Zombies from the Pulps!: Twenty Classic Stories of the Walking Dead

Zombies from the Pulps!: Twenty Classic Stories of the Walking Dead

  • 作者:Shanks, Jeffrey
  • 発売日: 2014/02/12
  • メディア: ペーパーバック
 題名と表紙絵から察しがつくように、ゾンビの出てくるパルプ小説ばかり集めた本だ。ラヴクラフトの「死体蘇生者ハーバート=ウェスト」やロバート=E=ハワードの「鳩は地獄から来る」といった有名な作品と並んで、ダーレスとマーク=スコラーの合作"The House in the Magnolias"が収録されている。「木蓮林の家」とはロマンチックな題名だが、中身はもちろんゾンビ小説だ。
 主人公はジョン=スチュアードというシカゴ在住の画家。ニューオーリンズへやってきた彼は、モクレンの林に囲まれた屋敷を郊外で見かけ、ぜひとも画題にしたいと考える。その屋敷を訪問したジョンを出迎えたのは、ロザムンダ=マーシナと名乗る美女だった。屋敷と農園の所有者はアビーという老婦人で、ロザムンダは彼女の姪だという。二人はハイチからニューオーリンズに移住してきたのだった。
 ジョンは屋敷に泊めてもらって絵を描きはじめるが、夜中に黒人たちが畑仕事をしているのを目撃する。彼らは死者だった。アビーは墓場から死体を盗んできては魔術でゾンビにし、奴隷として働かせているのだとロザムンダは告白する。
 ロザムンダとジョンは呪いを破るためゾンビに塩を食べさせる。解放されたゾンビたちは墓に帰ろうと走って行った。アビーはゾンビに殺され、ロザムンダとジョンは炎上する屋敷を後にする。
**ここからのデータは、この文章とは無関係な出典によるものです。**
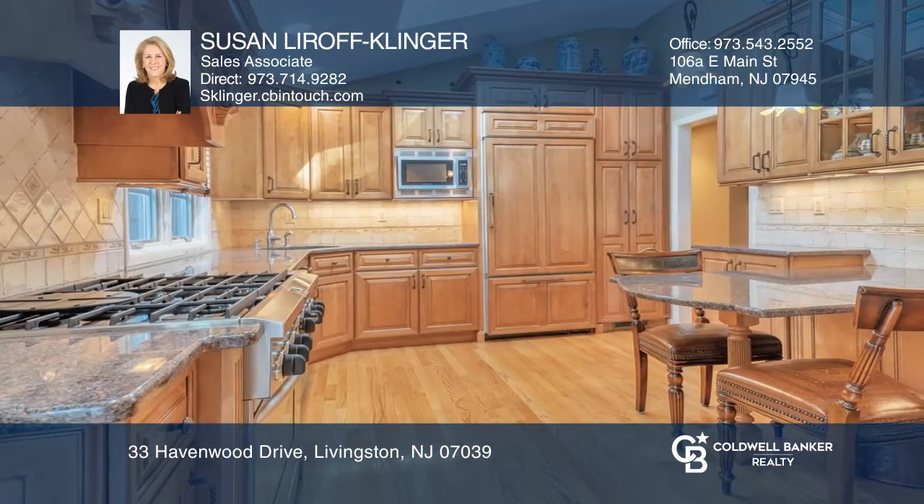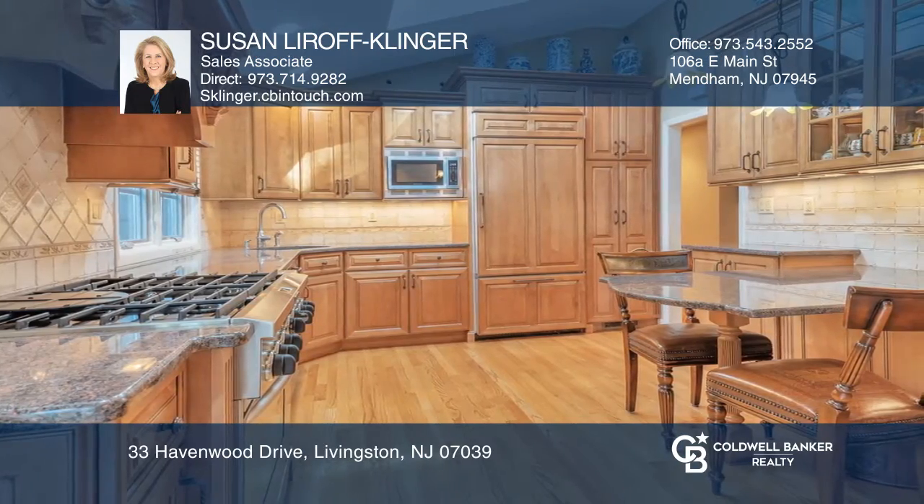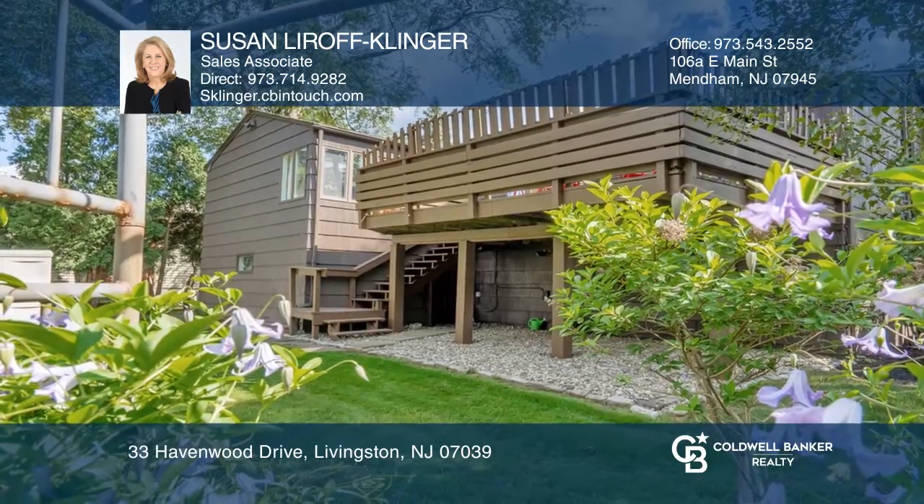The gourmet kitchen is a chef's dream with custom cabinetry, high-end stainless steel appliances, and granite countertops.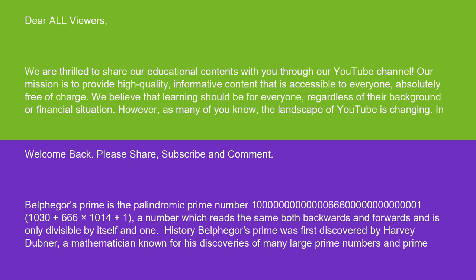Welcome back. Please share, subscribe, and comment. Belphegor's Prime is the palindromic prime number 1,000,000,000,066,600,000,000,001 — that is 10^30 plus 666 times 10^14 plus 1 — a number which reads the same both backwards and forwards and is only divisible by itself and 1.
翌日、墓地で黒人の死体がいくつも発見されたと新聞が報じた。墓は素手で掘り返され、まるで死体が中に戻ろうとしたかのようだった。
 "The House in the Magnolias"の初出はストレンジテイルズの1932年6月号。ダーレスとスコラーが1931年の夏に量産したパルプ小説のひとつだろう。ラヴクラフトはこの作品を「とてもよく書けている」と褒めたのだが、同時に「この設定だとヒロインも黒人の血を引いていることになりますね」と指摘している。ヒロインがアフリカ系であることを気にするあたり、悪い意味でラヴクラフトらしい。